Sömürge döneminde Afrika ülkelerinin kaynaklarının kıtanın dışına transfer edildiğini anlatan Cumhurbaşkanı Gül, “Bizim özellikle takip ettiğimiz politika, o ülkelere küçük, orta ve büyük ölçekte yatırım yapmaktır. Onun için, bahsettiğim bütün ziyaretlerime Afrika'ya yatırım yapma arzusunda olan 100'ün üzerinde iş adamı götürdüm ve bunlardan netice alındığını biliyorum” diye konuştu.

TİKA'NIN AFRİKA’DAKİ PROJELERE DESTEĞİ

Türkiye'nin, Afrika ülkelerindeki insan kapasitesini geliştirme çabalarına da büyük önem verdiğini vurgulayan Cumhurbaşkanı Gül, neredeyse bütün Afrika ülkelerinde birçok projeyi destekleyen TİKA'nın kıta genelinde bilindiğini dile getirdi.
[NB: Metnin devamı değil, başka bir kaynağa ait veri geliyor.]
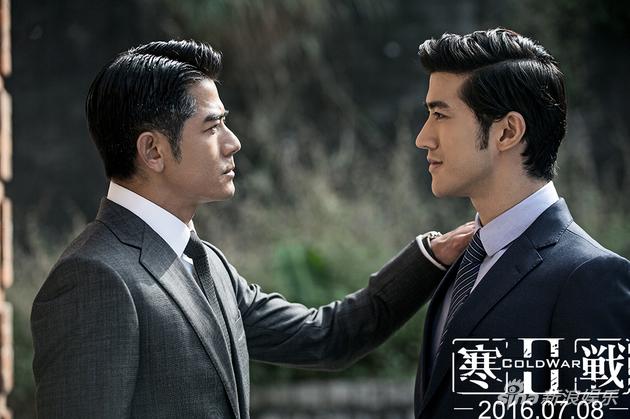 寒战2大战,寒战2穿搭男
Cumhurbaşkanı Gül, Türk sivil toplum örgütlerinin başta eğitim ve sağlık olmak üzere birçok alanda hizmet yürüttüğünü belirterek, Afrika ülkelerinden çok sayıda öğrenciye Türkiye'deki üniversitelerde eğitim görmeleri için burs verildiğini kaydetti.

Türk üniversitelerinin yabancı öğrencilere açılmasını isteyen Cumhurbaşkanı Gül, Afrikalıların kendi kültürlerini Türkiye'ye taşıdığını, ülkelerine döndüklerinde de Türkiye'nin elçisi gibi davrandıklarını ifade etti. “Bütün bu arzular, ancak gayretlerle gerçekleşiyor” diyen Cumhurbaşkanı Gül, bunu yönlendirecek kurumların başında da büyükelçiliklerin geldiğini belirtti.

Cumhurbaşkanı Gül, Türkiye'nin Afrika'daki büyükelçiliklerinin sayısının 24'e ulaştığını, Afrika'nın bazı ülkelerinin de Türkiye'de büyükelçilik açacağını bildirdi.